▶ [DATA FOR THIS TASK]:
++++++++++

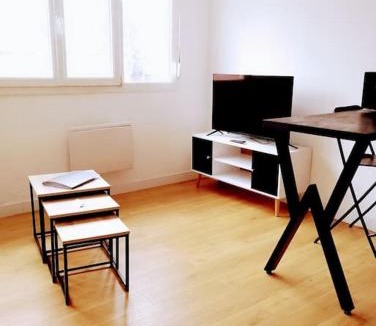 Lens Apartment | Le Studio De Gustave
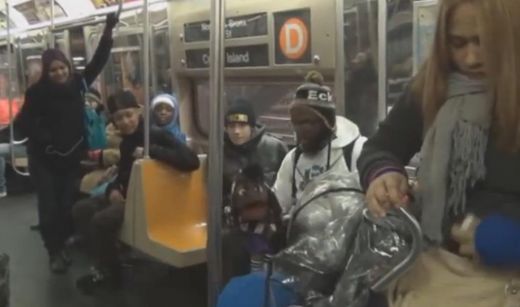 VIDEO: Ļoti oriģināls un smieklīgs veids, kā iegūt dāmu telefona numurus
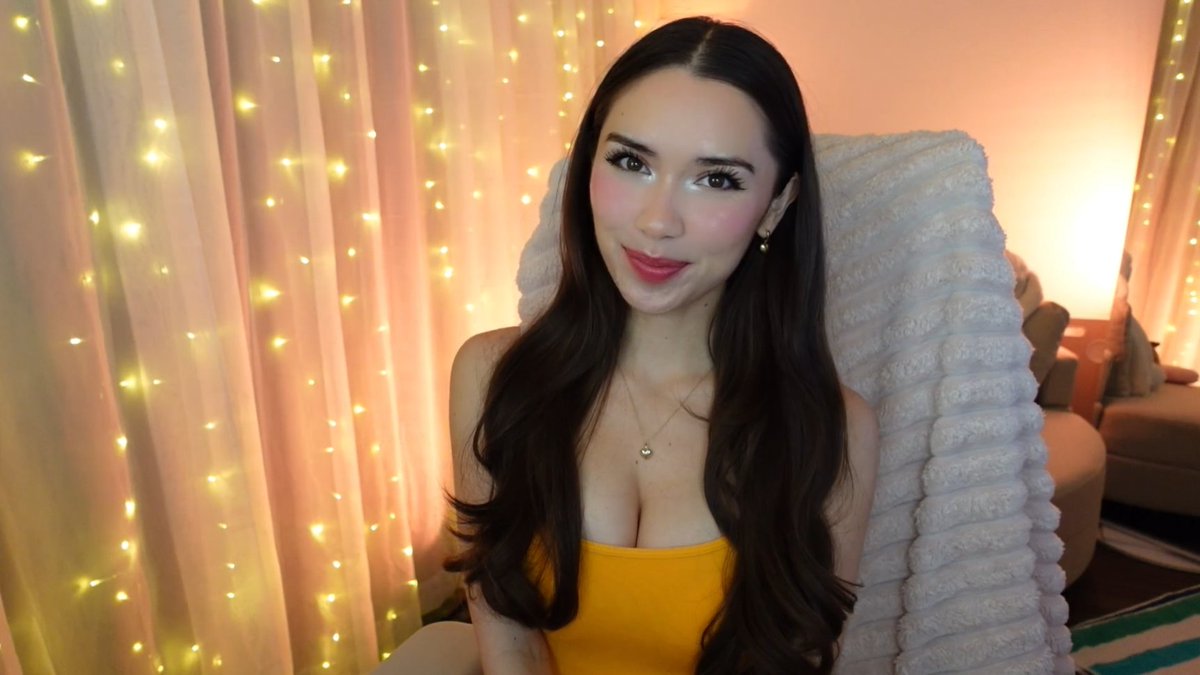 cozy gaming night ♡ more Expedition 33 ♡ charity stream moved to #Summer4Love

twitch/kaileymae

++++++++++

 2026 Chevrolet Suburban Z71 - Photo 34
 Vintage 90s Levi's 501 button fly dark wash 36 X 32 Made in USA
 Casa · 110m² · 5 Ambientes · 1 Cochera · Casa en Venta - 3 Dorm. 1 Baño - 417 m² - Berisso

++++++++++

▶ [WORK ITEM]:
Every line above from the one with "Lens Apartment | Le Studio De Gustave" down to the one with "twitch/kaileymae" must be written out exactly, and no picture may appear.

▶ [SOLUTION]:
 Lens Apartment | Le Studio De Gustave
 VIDEO: Ļoti oriģināls un smieklīgs veids, kā iegūt dāmu telefona numurus
 cozy gaming night ♡ more Expedition 33 ♡ charity stream moved to #Summer4Love

twitch/kaileymae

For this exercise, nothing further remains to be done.